Review by Ceri Wheeldon
I love going to the cinema and theatre and have really missed both this year.
I have found it increasingly difficult to find interesting series/films to watch on TV and streaming services. I thoroughly enjoyed the The Comey Rule on Sky/Now TV ( only available for a few more days) but have struggled to find anything bingeworthy since – until stumbling across the Queen’s Gambit on Netflix. The story of a chess champion is an unlikely plot to make you want to immediately want to watch the next episode – but based on a book of the same name, we follow the story of a young girl orphaned at the age of eight who is taught to play chess by a kindly janitor at her orphanage – and becomes obsessed with becoming the greatest chess player in the world.

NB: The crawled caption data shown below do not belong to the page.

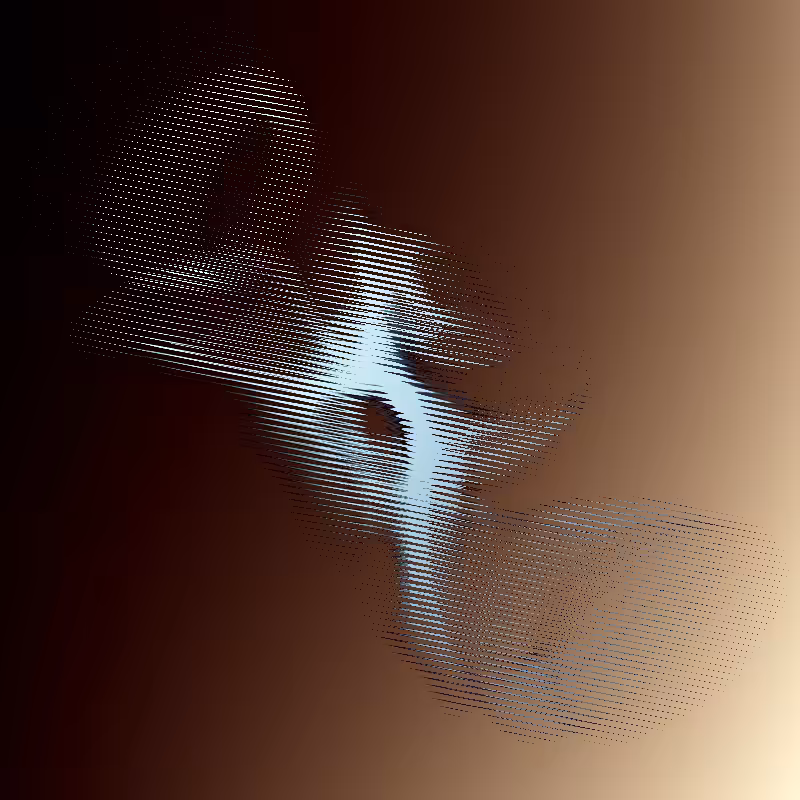 Nephology #27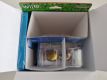 (Bild für) Wii U Animal Crossing - Amiibo Festival - Limited Edition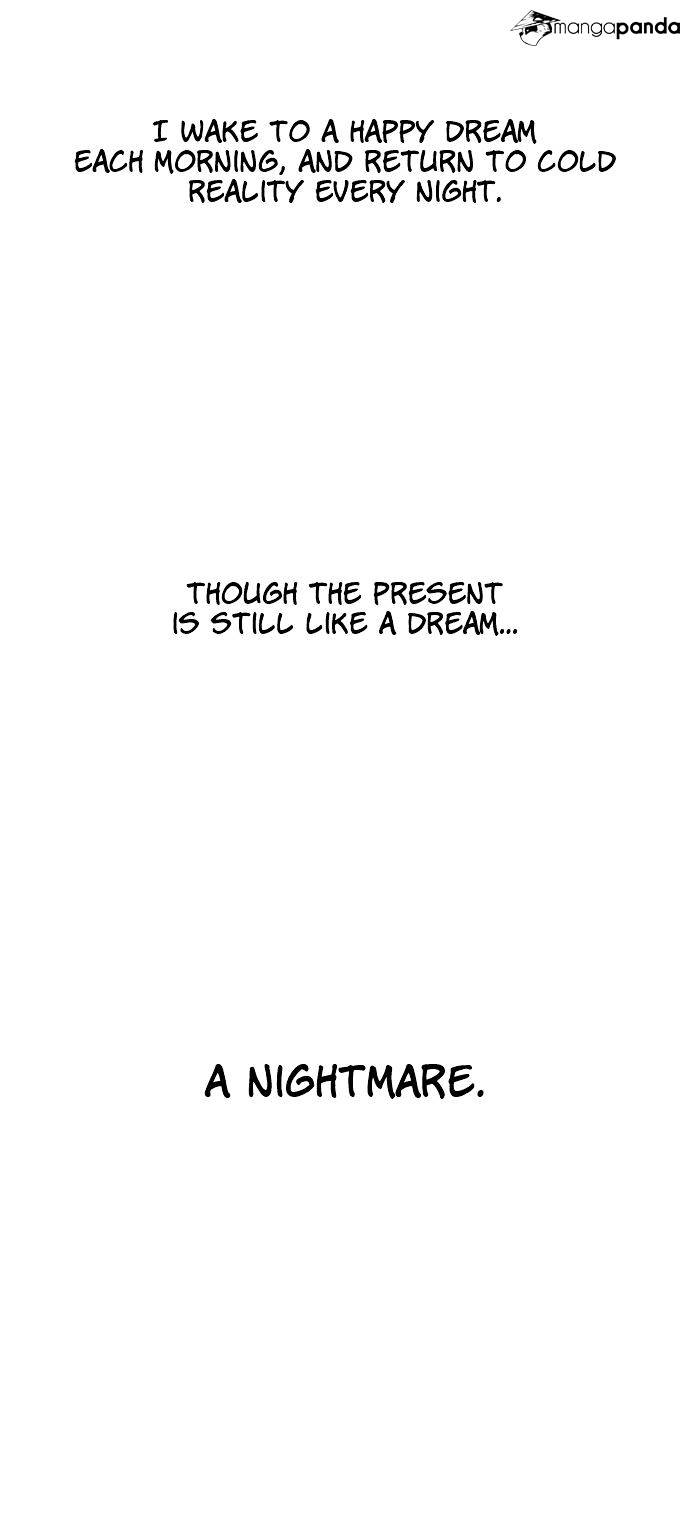 Lookism Chapter 5 - Page 11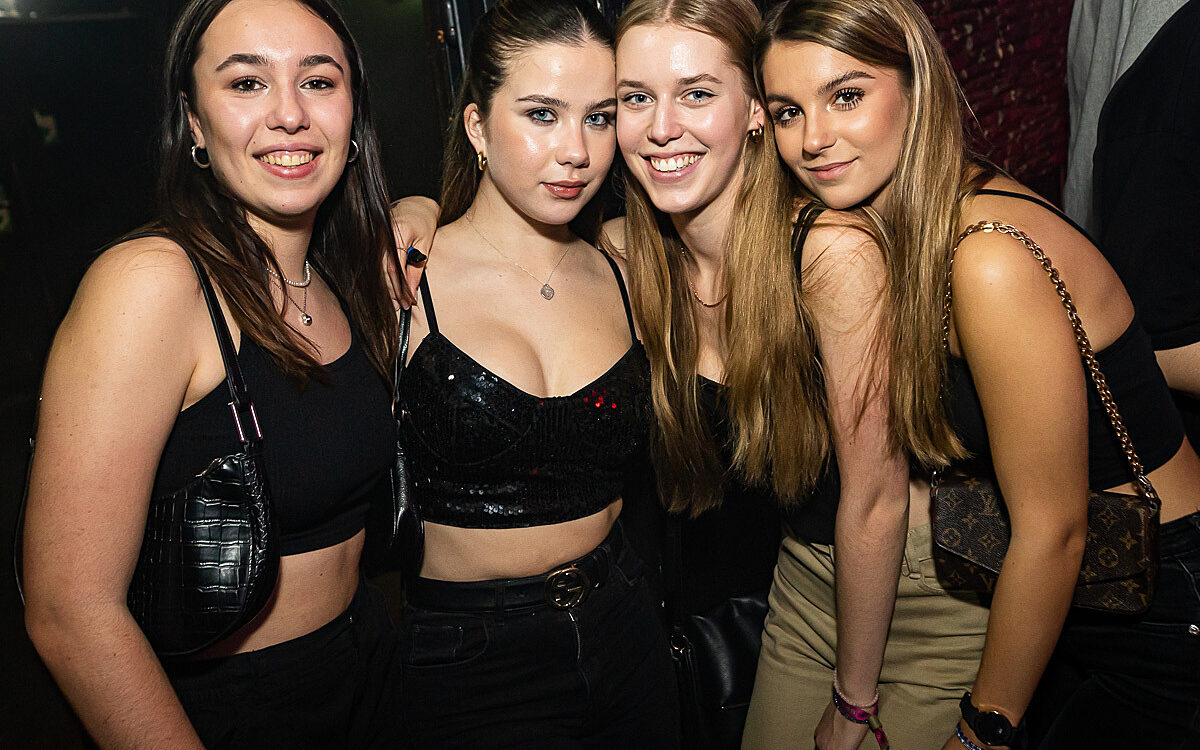 2022 12 24 Airport Schlagerweihnacht 29 2022 12 24 Airport Schlagerweihnacht 29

The main character has her own demons to from her past to come to terms with – not to mention an addiction to tranquilisers as well as the challenge of playing chess in a highly competitive male environment.
We see her determination as well as witness her coming to terms with disappointment and loss.
Set mostly in the 1960s the detail in the fashion is fabulous. With the main prize in chess being invited to play against the Soviet Grand Masters in Russia we also have a glimpse into life in Russia at that time , where chess players were the Soviet equivalent of pop stars.
I don’t play chess and cannot even begin to understand the game, but this did not stop me from enjoying the series (there are seven episodes in total) .
The cast is outstanding, with Anya Taylor-Joy playing the main character. She is entirely believable in the role which she assumes when her character is aged thirteen continuing through to her twenties.
The Queen’s Gambit is a refreshing change from the formulaic series mostly available. An absolute gem – not to be missed.